Comme ça, tout le monde arrive en même temps, et tout le monde a la même
chance (presque).
Nous, on se sent mieux comme ça.

Sceneario.com: Que pensez vous du net en général? Et de sceneario.com en particulier?

JD Morvan: Je pense que ça donne une ouverture aux lecteurs de parler. Parfois pour
dire des choses intéressantes, souvent pour dire n’importe quoi… Mais
c’est à l’image de la société, ni pire ni meilleur.

Ce n’est pas non plus un reflet des lecteurs, mais surtout des
ultra-fans. Souvent sans pitié, par vengeance ou bêtise. Ils ne pensent pas
qu’ils peuvent faire mal, pour les plus simples. Mais ce qui est bien, c’est
qu’on peut répondre, et faire comprendre qu’on peut dire n’importe quoi,
mais qu’ensuite, il faut en assumer les conséquences !!!!

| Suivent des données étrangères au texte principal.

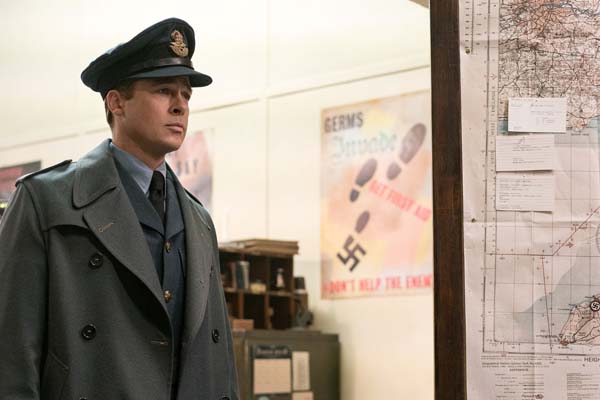 Brad Pitt dans Allied (2016)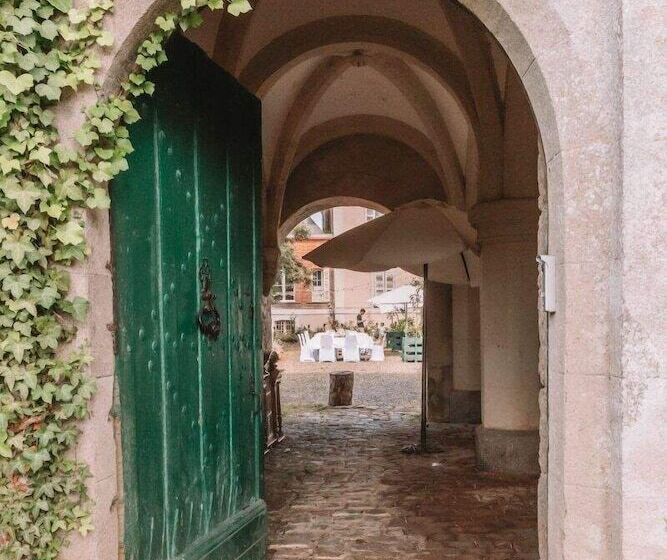 פנסיון Le Chateau De La Tourlandry Puy Du Fou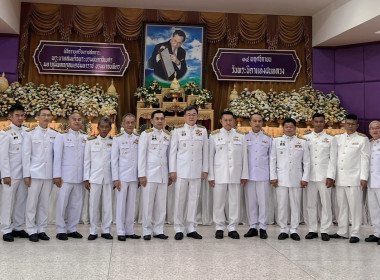 พิธีถวายเครื่องราชสักการะและวางพานพุ่มดอกไม้สด ... พารามิเตอร์รูปภาพ 1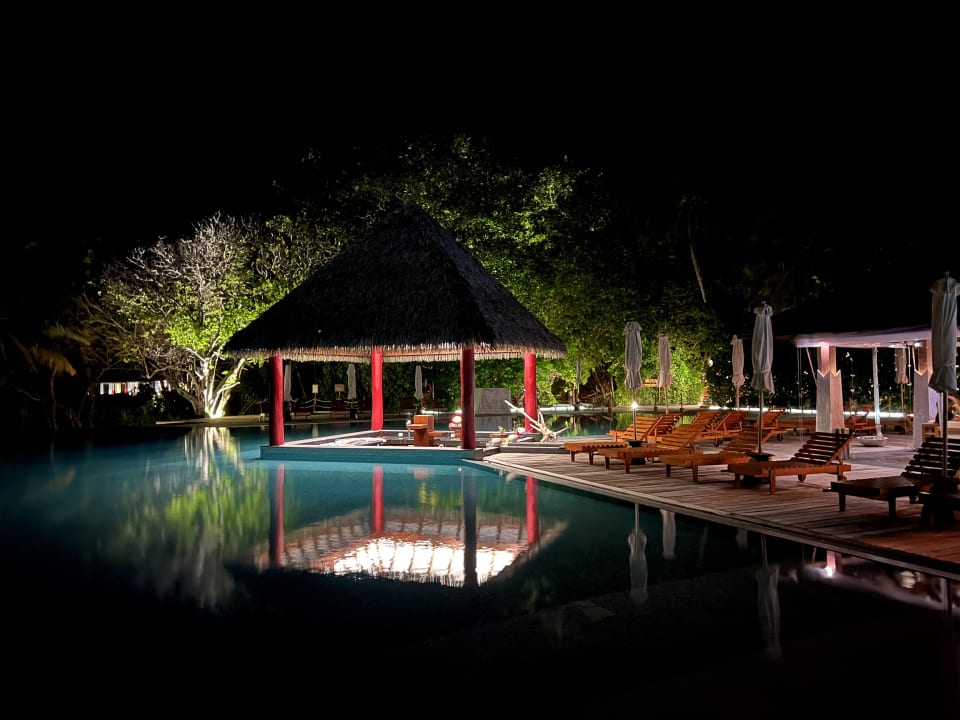 Pool Adaaran Select Meedhupparu Island Resort - Premium All Inclusive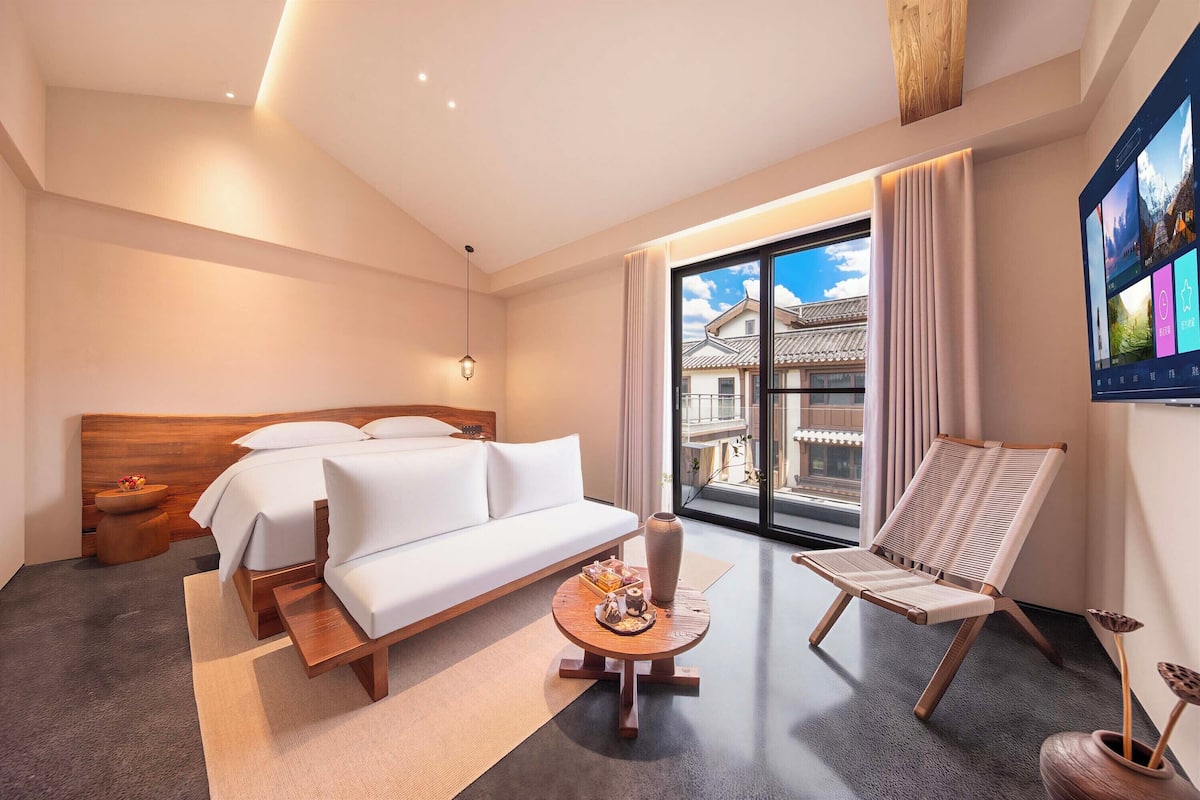 Comfort Double Room, Balcony, Hill View | Premium bedding, minibar, desk, laptop workspace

Je trouve sceneario.com assez carré et malin. Peut-être parce qu’avec
une ligne éditoriale plus serrée, moins ouverte à tout le monde. Mais les
autres sont aussi intéressants. Ce qui est bien, c’est de panacher tout pour
se faire une idée de l’idée que les gens ont des albums.

Sceneario.com: Merci beaucoup pour le temps et la gentillesse que vous nous avez accordé, bonnes continuations.